Your task ▸
Omit all pictures and transcribe only the lines in the entries below that run from the line with "Vector Wildflower floral" through the line with "Sophie Morales profile photo".

══ Given information

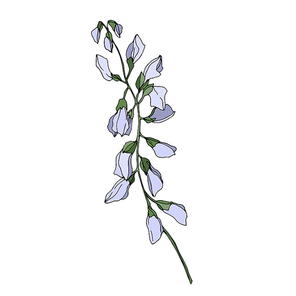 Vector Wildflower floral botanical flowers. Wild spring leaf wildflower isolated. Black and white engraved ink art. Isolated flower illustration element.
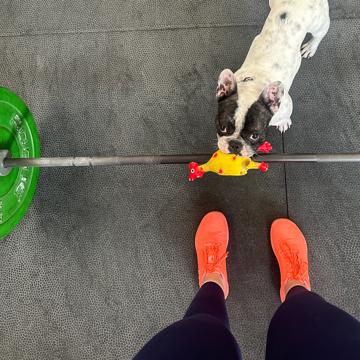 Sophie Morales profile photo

════
══ Given information

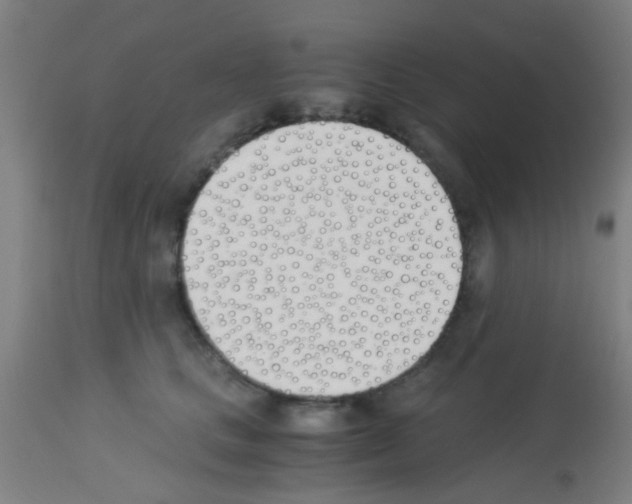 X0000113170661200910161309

════

Response ▸
 Vector Wildflower floral botanical flowers. Wild spring leaf wildflower isolated. Black and white engraved ink art. Isolated flower illustration element.
 Sophie Morales profile photo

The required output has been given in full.